Hint: In the given question, we have been asked to simplify a quadratic expression which has a single variable. Fractions can only be added or subtracted if they are of the same denominators. If the denominators are not the same, you need to find the least common multiple (LCM) of the two denominators. Then, make all the denominators the same, by multiplying the numerator and denominator by the same number. The least common multiple (LCM) of two integers is the smallest positive integer that is divisible by both the integers. It can be calculated using two methods which are- Prime factorization method and grid method.

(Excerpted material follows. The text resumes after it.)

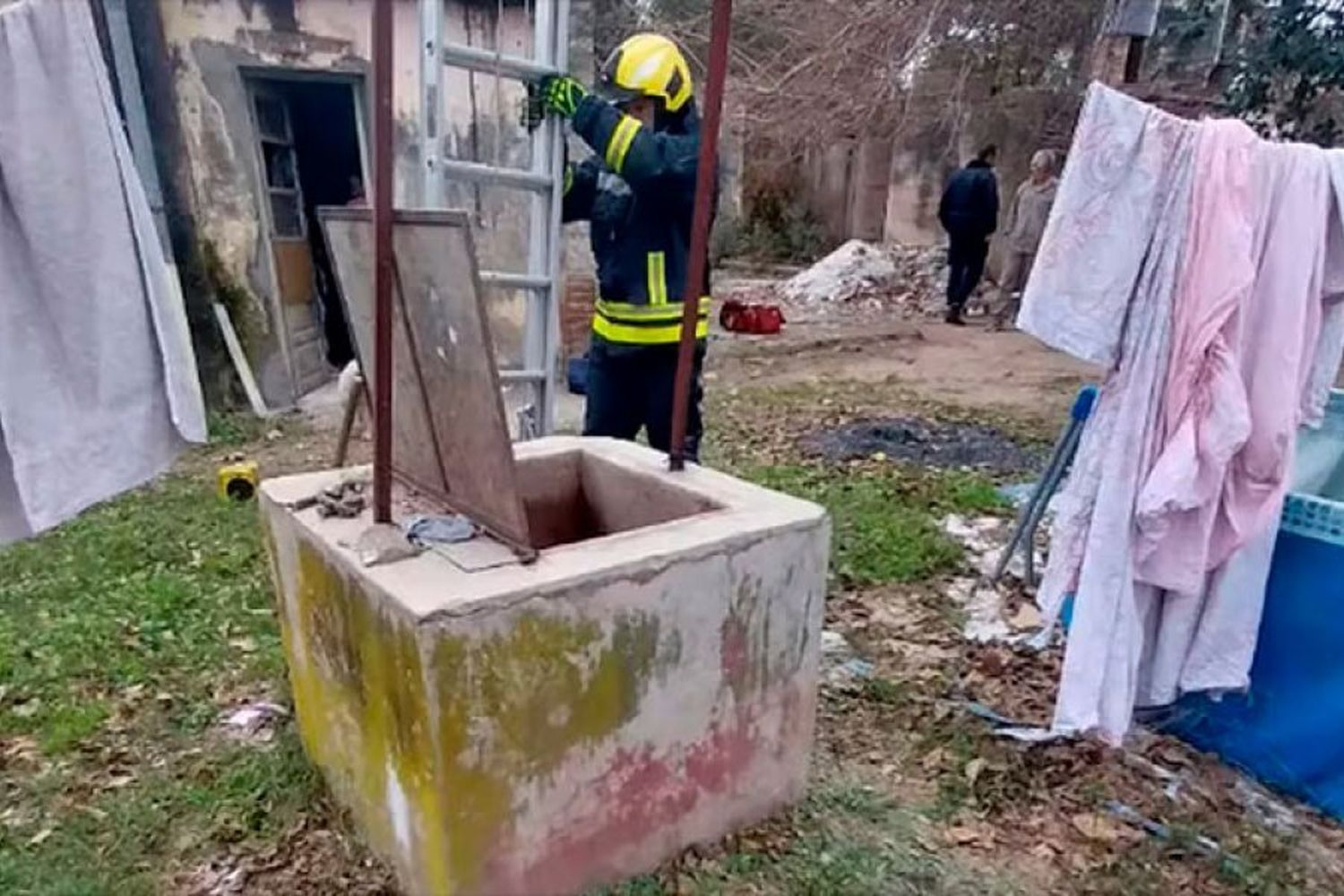 Tragedia en Córdoba: un niño de cuatro años murió al caer a un aljibe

Complete step by step solution:
We are given,
\[\dfrac{7}{8} + \dfrac{9}{{10}} - 2m - \dfrac{3}{5}\]
Now we’ll bring all the like terms together to simplify it,
\[ \Rightarrow \dfrac{7}{8} + \dfrac{9}{{10}} - \dfrac{3}{5} - 2m\]
To solve the following fraction, we need to make the denominator of each fraction the same. To make a common denominator we need to find LCM. LCM of $ 8,10\;and\;5 $ is $ 40 $ .
To make the denominator $ 40 $ , we’ll multiply the numerator and denominator by the same number.
\[ \Rightarrow \dfrac{{35}}{{40}} + \dfrac{{36}}{{40}} - \dfrac{{24}}{{40}} - 2m\]
\[ \Rightarrow \dfrac{{35 + 36 - 24}}{{40}} - 2m\]
\[ \Rightarrow \dfrac{{47}}{{40}} - 2m\]
This is the required expression.
So, the correct answer is “\[ \dfrac{{47}}{{40}} - 2m\]”.

Note: If numerator and denominator are multiplied or divided by the same number, then the value of fraction does not change. Terms can only be operated if they are alike, a fraction and a variable cannot be operated together. While writing the answer in fraction form, always check whether it is in simplest form or not, if it is not in its simplest form then convert it into its simplest form.